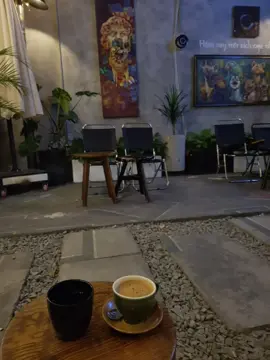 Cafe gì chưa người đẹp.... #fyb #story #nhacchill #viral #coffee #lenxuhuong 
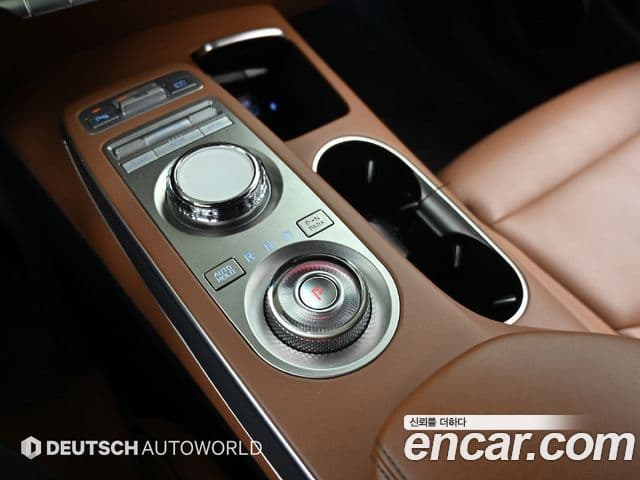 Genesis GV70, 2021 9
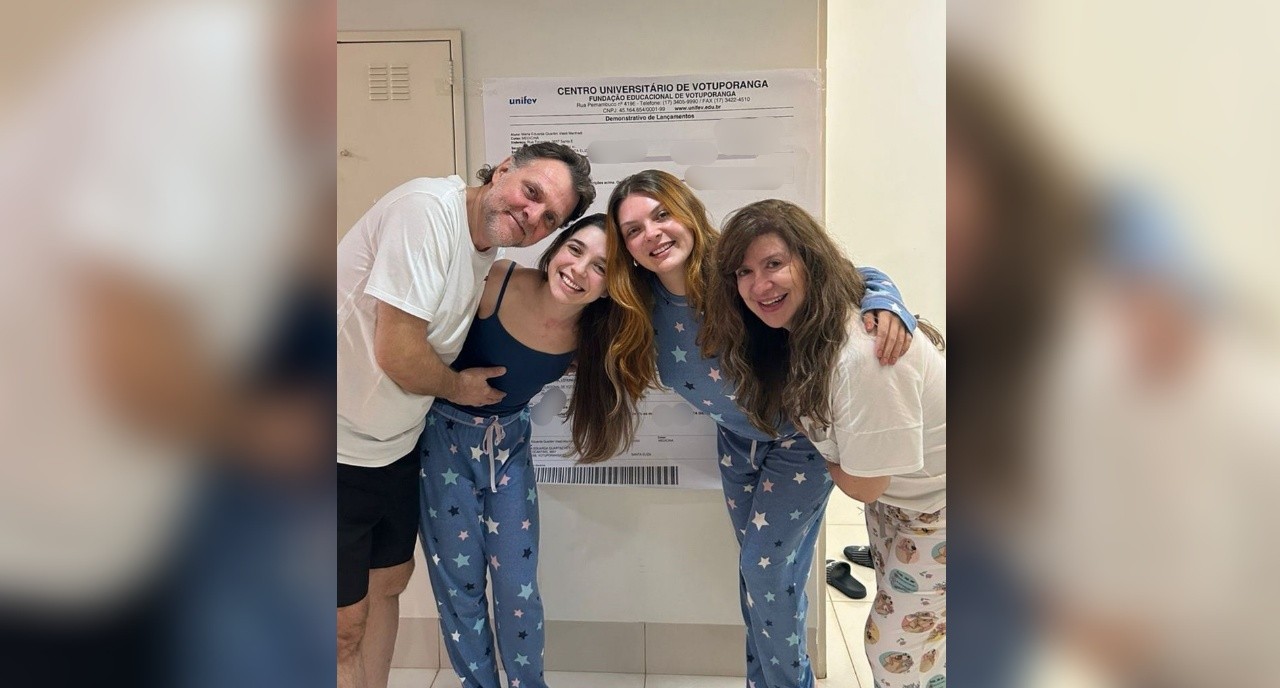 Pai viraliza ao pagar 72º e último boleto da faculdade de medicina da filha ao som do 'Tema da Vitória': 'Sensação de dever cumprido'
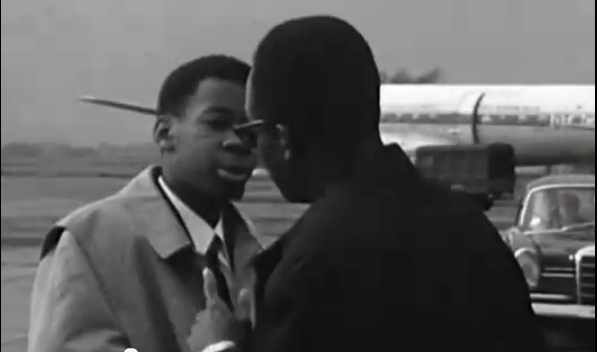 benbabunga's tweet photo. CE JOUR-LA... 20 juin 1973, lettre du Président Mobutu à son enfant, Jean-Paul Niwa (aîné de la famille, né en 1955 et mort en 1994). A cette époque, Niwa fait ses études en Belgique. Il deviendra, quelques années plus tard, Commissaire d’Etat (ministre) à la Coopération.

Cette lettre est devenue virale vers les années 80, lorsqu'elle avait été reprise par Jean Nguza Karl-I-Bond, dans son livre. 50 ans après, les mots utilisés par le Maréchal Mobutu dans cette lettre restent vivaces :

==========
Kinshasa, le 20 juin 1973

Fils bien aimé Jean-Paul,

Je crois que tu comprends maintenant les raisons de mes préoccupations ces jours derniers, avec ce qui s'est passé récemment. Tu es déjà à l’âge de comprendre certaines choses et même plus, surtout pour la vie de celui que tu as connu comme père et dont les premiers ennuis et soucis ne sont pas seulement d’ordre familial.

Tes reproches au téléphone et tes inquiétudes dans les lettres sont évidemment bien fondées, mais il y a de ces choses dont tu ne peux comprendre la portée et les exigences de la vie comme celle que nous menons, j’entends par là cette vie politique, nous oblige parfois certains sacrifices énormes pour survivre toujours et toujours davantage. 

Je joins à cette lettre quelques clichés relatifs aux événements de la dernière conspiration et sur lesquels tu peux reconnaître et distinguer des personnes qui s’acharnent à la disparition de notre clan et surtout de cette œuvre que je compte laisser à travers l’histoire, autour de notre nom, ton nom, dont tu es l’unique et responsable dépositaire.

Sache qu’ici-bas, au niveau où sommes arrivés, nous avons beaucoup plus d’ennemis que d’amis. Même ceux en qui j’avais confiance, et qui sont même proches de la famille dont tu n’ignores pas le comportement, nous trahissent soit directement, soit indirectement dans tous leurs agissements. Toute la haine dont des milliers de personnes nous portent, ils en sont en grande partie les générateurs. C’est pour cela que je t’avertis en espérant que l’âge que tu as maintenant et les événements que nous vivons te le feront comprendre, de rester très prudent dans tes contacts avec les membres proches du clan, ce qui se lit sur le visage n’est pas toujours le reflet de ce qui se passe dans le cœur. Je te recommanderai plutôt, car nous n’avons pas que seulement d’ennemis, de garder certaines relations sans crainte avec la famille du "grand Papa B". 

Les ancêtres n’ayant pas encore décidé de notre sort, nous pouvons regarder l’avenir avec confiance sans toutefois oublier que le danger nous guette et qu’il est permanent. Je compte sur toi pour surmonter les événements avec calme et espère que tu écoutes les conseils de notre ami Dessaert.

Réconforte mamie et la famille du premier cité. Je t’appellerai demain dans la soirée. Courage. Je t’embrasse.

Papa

_Exercise requirements_
Please set down each line of the listing above word for word, skipping any pictures.

_Solution for this problem_
 Cafe gì chưa người đẹp.... #fyb #story #nhacchill #viral #coffee #lenxuhuong 
 Genesis GV70, 2021 9
 Pai viraliza ao pagar 72º e último boleto da faculdade de medicina da filha ao som do 'Tema da Vitória': 'Sensação de dever cumprido'
 benbabunga's tweet photo. CE JOUR-LA... 20 juin 1973, lettre du Président Mobutu à son enfant, Jean-Paul Niwa (aîné de la famille, né en 1955 et mort en 1994). A cette époque, Niwa fait ses études en Belgique. Il deviendra, quelques années plus tard, Commissaire d’Etat (ministre) à la Coopération.

Cette lettre est devenue virale vers les années 80, lorsqu'elle avait été reprise par Jean Nguza Karl-I-Bond, dans son livre. 50 ans après, les mots utilisés par le Maréchal Mobutu dans cette lettre restent vivaces :

==========
Kinshasa, le 20 juin 1973

Fils bien aimé Jean-Paul,

Je crois que tu comprends maintenant les raisons de mes préoccupations ces jours derniers, avec ce qui s'est passé récemment. Tu es déjà à l’âge de comprendre certaines choses et même plus, surtout pour la vie de celui que tu as connu comme père et dont les premiers ennuis et soucis ne sont pas seulement d’ordre familial.

Tes reproches au téléphone et tes inquiétudes dans les lettres sont évidemment bien fondées, mais il y a de ces choses dont tu ne peux comprendre la portée et les exigences de la vie comme celle que nous menons, j’entends par là cette vie politique, nous oblige parfois certains sacrifices énormes pour survivre toujours et toujours davantage. 

Je joins à cette lettre quelques clichés relatifs aux événements de la dernière conspiration et sur lesquels tu peux reconnaître et distinguer des personnes qui s’acharnent à la disparition de notre clan et surtout de cette œuvre que je compte laisser à travers l’histoire, autour de notre nom, ton nom, dont tu es l’unique et responsable dépositaire.

Sache qu’ici-bas, au niveau où sommes arrivés, nous avons beaucoup plus d’ennemis que d’amis. Même ceux en qui j’avais confiance, et qui sont même proches de la famille dont tu n’ignores pas le comportement, nous trahissent soit directement, soit indirectement dans tous leurs agissements. Toute la haine dont des milliers de personnes nous portent, ils en sont en grande partie les générateurs. C’est pour cela que je t’avertis en espérant que l’âge que tu as maintenant et les événements que nous vivons te le feront comprendre, de rester très prudent dans tes contacts avec les membres proches du clan, ce qui se lit sur le visage n’est pas toujours le reflet de ce qui se passe dans le cœur. Je te recommanderai plutôt, car nous n’avons pas que seulement d’ennemis, de garder certaines relations sans crainte avec la famille du "grand Papa B". 

Les ancêtres n’ayant pas encore décidé de notre sort, nous pouvons regarder l’avenir avec confiance sans toutefois oublier que le danger nous guette et qu’il est permanent. Je compte sur toi pour surmonter les événements avec calme et espère que tu écoutes les conseils de notre ami Dessaert.

Réconforte mamie et la famille du premier cité. Je t’appellerai demain dans la soirée. Courage. Je t’embrasse.

Papa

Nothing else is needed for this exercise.